Jousters ride horses, and they know that even the best-trained and properly ridden horses do not perform as consistently as machines. Horses are living beings who behave differently at different times, and those who ride them need to be able to read and respond to how the horse is behaving that day. Horses perform best if they have a competent rider directing them, thus jousters perform best if they are competent riders.

A true jouster is first a true equestrian.

Jousting horse Ziggy (photo by Jay Baum)

It doesn't really matter what style of riding you become adept in before learning to joust. Western and English style riding can both be used as the basis for jousting. However, English riding is somewhat better suited for mounted combat. All of the fancy movements and almost invisible cues used in classical dressage were originally developed to be used on the battlefield.

Charlie Andrews, probably the best jouster in America, has ridden dressage at the Prix St. George level, which is only a few steps below the level that Olympic equestrians compete at. Most of the jousters in Europe train in dressage before taking up jousting. In the upcoming "Grand Tournament of Sankt Wendel", one of the most prestigious jousting tournaments in the world today, all of the horses "are trained to the highest level of haute école dressage" as well as having specific joust training. Thus all of the jousters competing at Sankt Wendel are required to be experienced in riding upper level dressage.

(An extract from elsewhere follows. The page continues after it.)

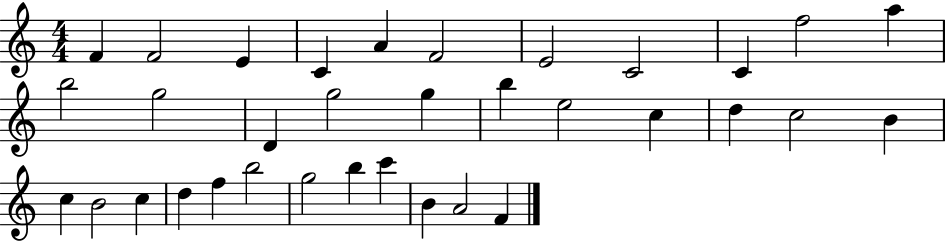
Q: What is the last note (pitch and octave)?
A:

This does not mean that all jousters need to be capable of competing in upper level dressage (or upper level reining if you ride Western). Charlie Andrews and the jousters competing at Sankt Wendel are some of the best jousters in the world. You do not need to be able to ride at their level in order to joust, any more than you need to be an Olympic level athlete in order to participate in any other sport. However, in order to begin jousting, you do need to be at least a solidly competent rider, and if you want to compete at the higher levels, you need to be more than just competent.

Highly respected dressage rider and trainer Tina Walsh, who instructs several contemporary competitive jousters and who taught classes on riding at the recent Chivalric Martial Arts International symposium, suggested this video as an example of the level of riding that jousters should aspire to.

Of course, this level of horsemanship(or really any kind of competent horsemanship) cannot be achieved easily or cheaply. A fact which has not changed in hundreds of years.

"Honors on horseback cannot be achieved without efforts, without courage and without money" -- Dom Duarte, Portugal, 1346.

So, if you want to joust and joust well, you have to make sacrifices in other areas of your life. You must choose to spend money that could be spent on other things on proper training. You must choose to spend time that could be spent in other ways in diligent practice. You must first make the effort to become a good rider. Then, and only then, can you become a good jouster.